4: Turn the inside lip of the bowl with a smaller diameter bowl gouge with an aggressive grind and then keeping an eye on the outside of the bowl I ride the bevel and cut the inside. First taking away the bulk of the material and then really watching carefully as the gouge is guided riding the bevel to cut the perfect line that follows the outside curves of the bowl. For large bowls it is essential that you work your way towards the center of the bowl, working perhaps two inches of bowl at a time. When the first two inches are perfected and only then you move onto the next two inches. This method continues until the inside is complete. Curves are the key. The curves must be natural and flowing to be appealing and easier to finish than abrupt curves. For this cutting I use my ½ inch D-way gouge for the inside sides and then change to my ½ inch D-way blunt grind gouge for the deeper inside curves. On larger bowls I will use my 5/8 inch blunt grind D-way gouge for greater stability if the tool rest does not get back in the bowl far enough.

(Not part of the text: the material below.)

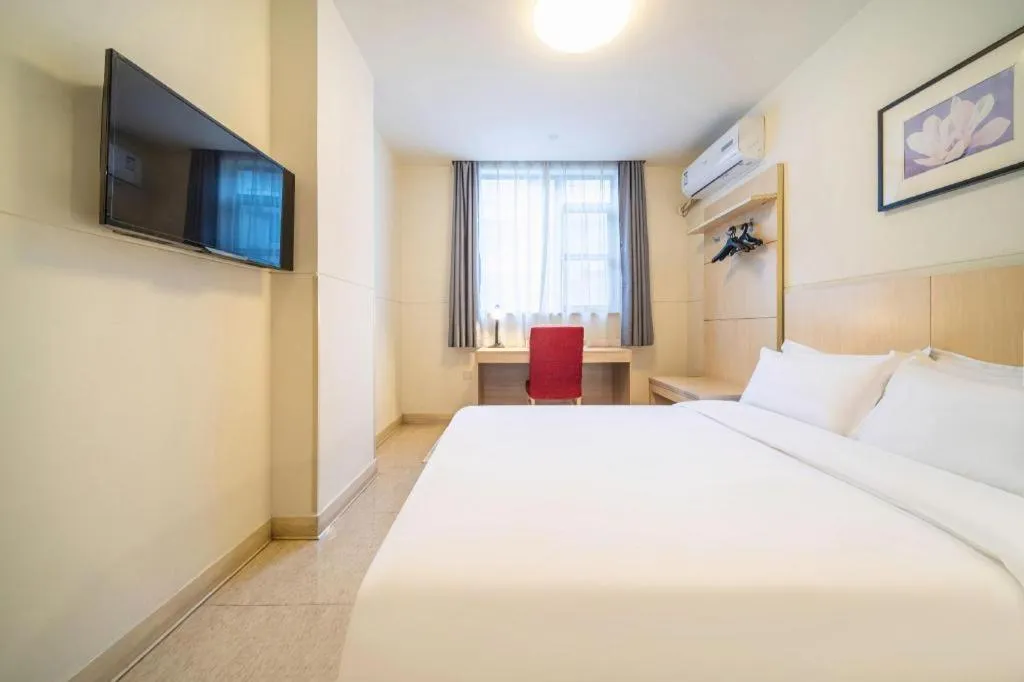 Bed in Jinjiang Inn Guangzhou Liwan Caihongqiao Metro Station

5: Now is the time to sand and finish the bowl. This is an individual choice as to finishes. I usually power sand using an angled drill motor and a hook and loop sanding system. I have found that it is best to use the finest grit necessary to make the wood smooth. If after sanding you find that there are still imperfections then immediately drop back two grit levels rather than punish the wood. After attaining a smooth surface then sanding may proceed more quickly from one grit to another. I usually sand to 400 and then soak the wood with denatured alcohol. I quickly hit it with 400 and then 600 and finish with a 3M Scotch-Brite pad.

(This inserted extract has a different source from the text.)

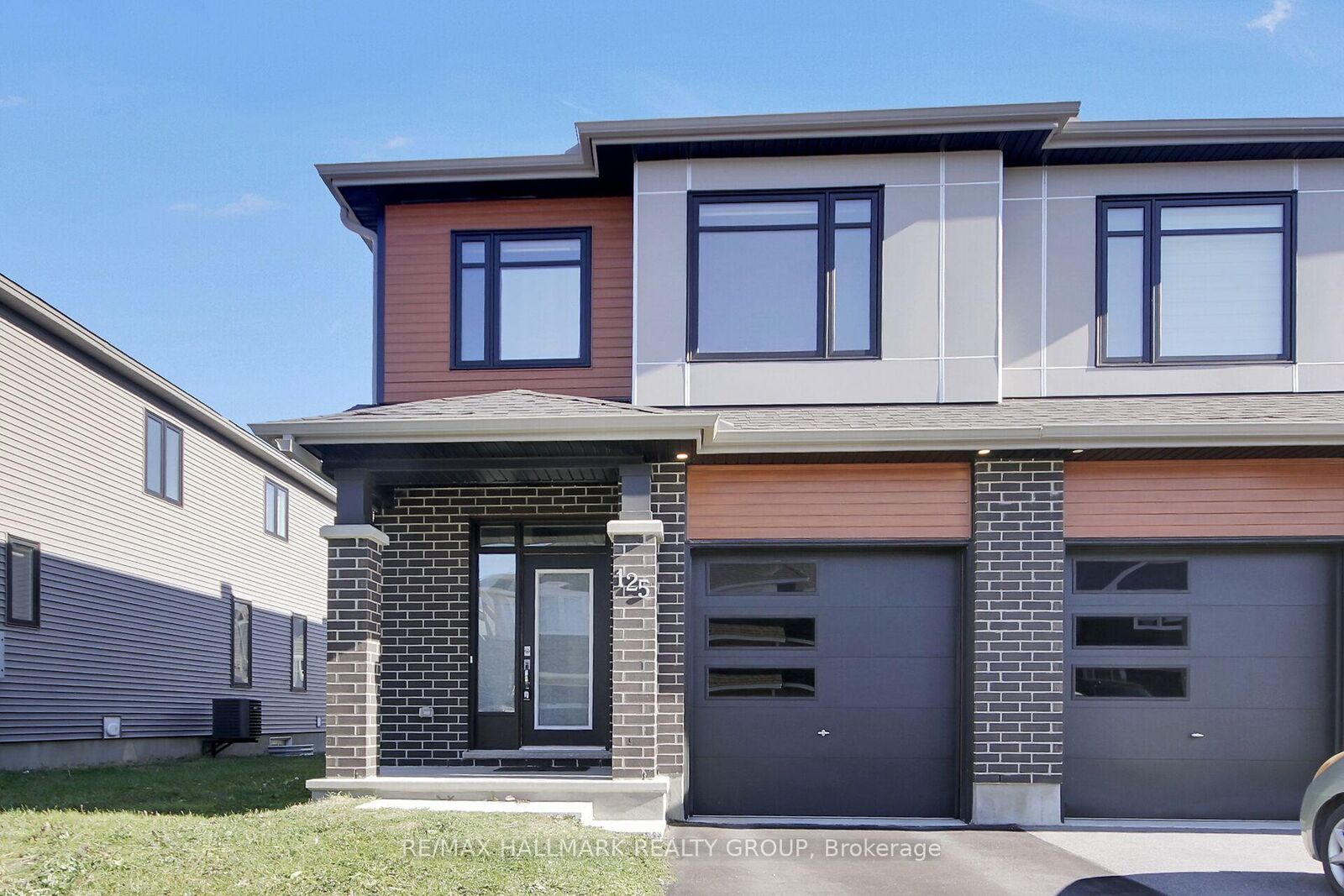 Property Photo:  125 Angelonia Crescent  ON K1T 0Y4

6: The bowl is then turned and vacuum chucked for turning and finishing the foot. I then sign and name the wood and touch up with the Scotch-Brite pad. At this point I apply whatever finish I plan to use. I have also been known to put the finish on the balance of the bowl before turning the foot. This does help secure the wood with the vacuum chuck because of the sealing effect of the finish. Waxing the bowl is the final step. Renaissance wax is my choice for waxing. It is easy and extremely effective and does not show fingerprints.